▸ **Work required**: Copy every line of the data exactly, keeping out any picture.

▸ **Available records**:
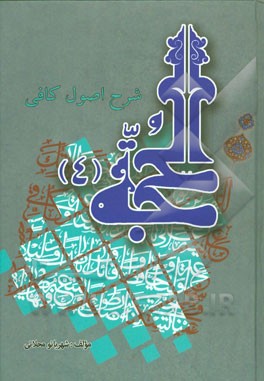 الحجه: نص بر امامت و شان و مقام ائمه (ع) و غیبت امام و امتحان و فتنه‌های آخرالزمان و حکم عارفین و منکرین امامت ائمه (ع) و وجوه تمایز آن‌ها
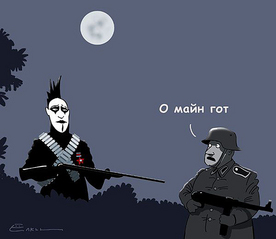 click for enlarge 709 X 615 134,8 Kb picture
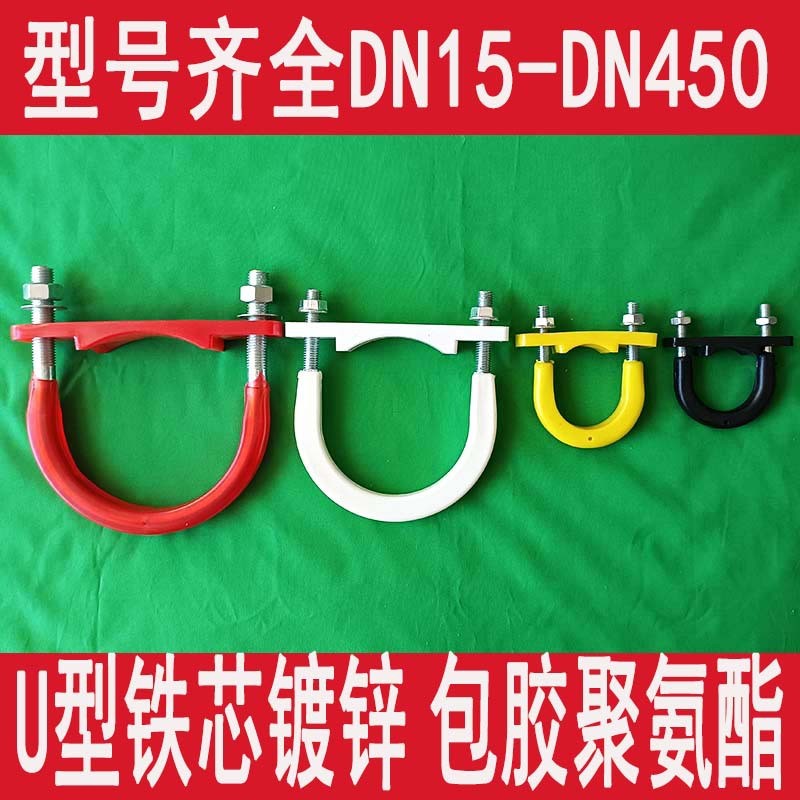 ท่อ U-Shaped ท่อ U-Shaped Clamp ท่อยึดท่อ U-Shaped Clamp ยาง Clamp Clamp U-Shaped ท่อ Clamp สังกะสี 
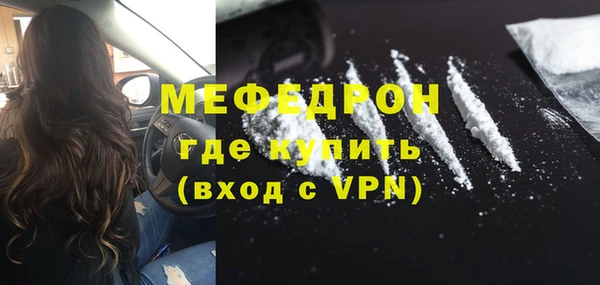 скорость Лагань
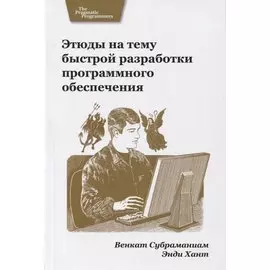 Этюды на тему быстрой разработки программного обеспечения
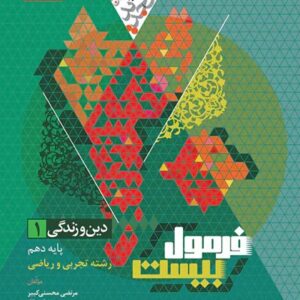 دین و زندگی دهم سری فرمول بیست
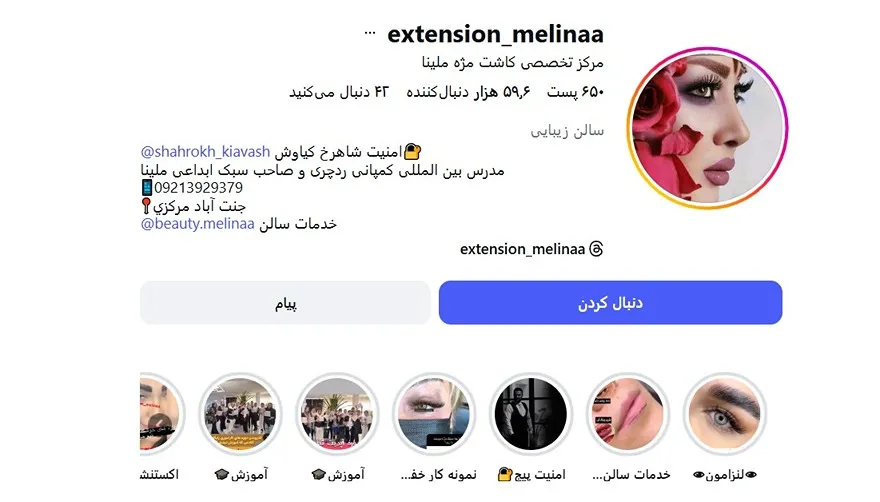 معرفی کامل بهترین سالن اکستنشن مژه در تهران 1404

▸ **Solution to the problem**:
 الحجه: نص بر امامت و شان و مقام ائمه (ع) و غیبت امام و امتحان و فتنه‌های آخرالزمان و حکم عارفین و منکرین امامت ائمه (ع) و وجوه تمایز آن‌ها
 click for enlarge 709 X 615 134,8 Kb picture
 ท่อ U-Shaped ท่อ U-Shaped Clamp ท่อยึดท่อ U-Shaped Clamp ยาง Clamp Clamp U-Shaped ท่อ Clamp สังกะสี 
 скорость Лагань
 Этюды на тему быстрой разработки программного обеспечения
 دین و زندگی دهم سری فرمول بیست
 معرفی کامل بهترین سالن اکستنشن مژه در تهران 1404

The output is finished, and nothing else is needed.